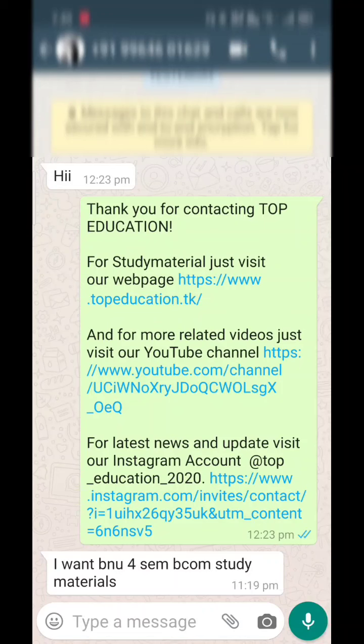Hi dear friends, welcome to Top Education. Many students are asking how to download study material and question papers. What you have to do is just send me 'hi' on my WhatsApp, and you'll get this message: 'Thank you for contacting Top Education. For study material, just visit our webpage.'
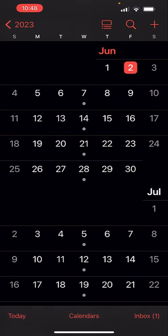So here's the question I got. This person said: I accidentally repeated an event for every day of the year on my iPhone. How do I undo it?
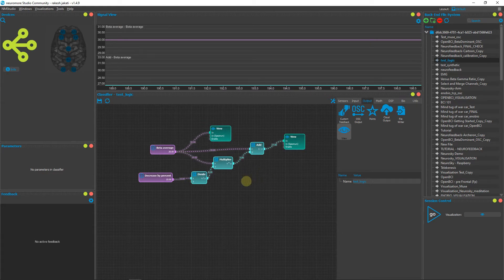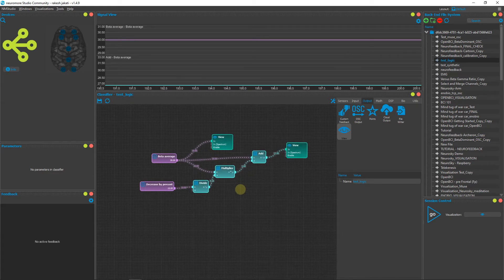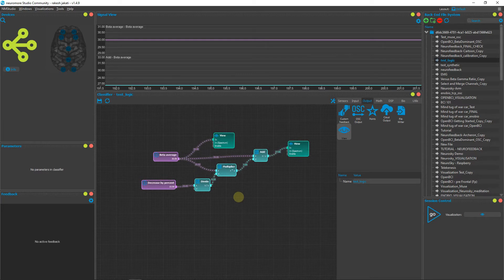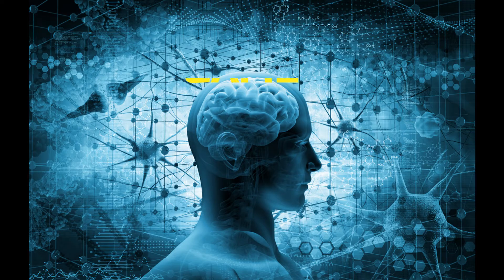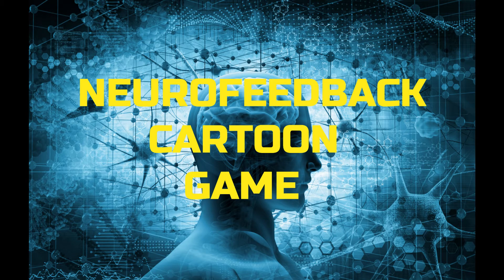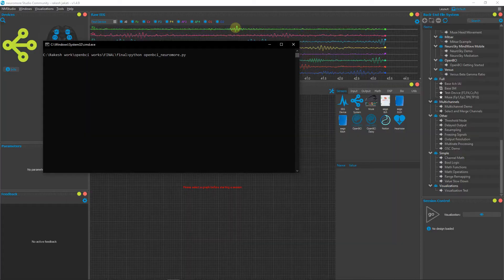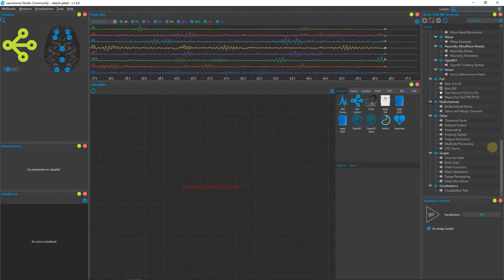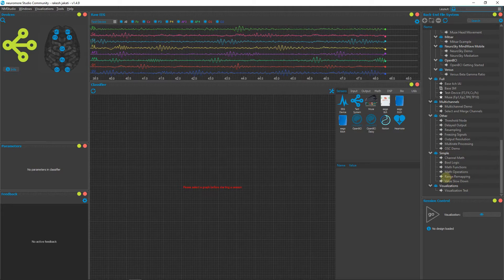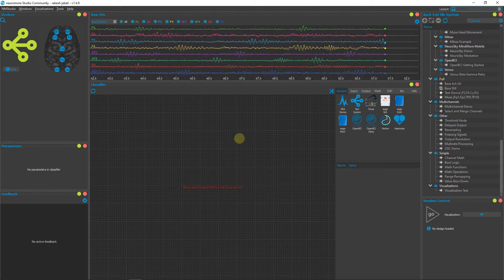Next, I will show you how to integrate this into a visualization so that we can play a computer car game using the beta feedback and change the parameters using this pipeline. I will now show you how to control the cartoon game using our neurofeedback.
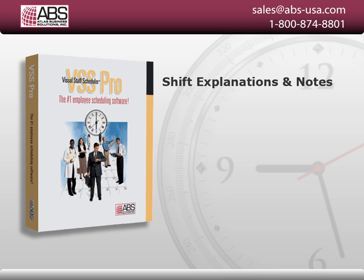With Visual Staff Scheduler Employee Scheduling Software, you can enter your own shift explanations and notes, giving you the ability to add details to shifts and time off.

(Aim of the exercise):
Retype all of the listing word for word and skip the pictures.

(Exercise result):
Hi dear friends, welcome to Top Education. Many students are asking how to download study material and question papers. What you have to do is just send me 'hi' on my WhatsApp, and you'll get this message: 'Thank you for contacting Top Education. For study material, just visit our webpage.'
So here's the question I got. This person said: I accidentally repeated an event for every day of the year on my iPhone. How do I undo it?
Next, I will show you how to integrate this into a visualization so that we can play a computer car game using the beta feedback and change the parameters using this pipeline. I will now show you how to control the cartoon game using our neurofeedback.
With Visual Staff Scheduler Employee Scheduling Software, you can enter your own shift explanations and notes, giving you the ability to add details to shifts and time off.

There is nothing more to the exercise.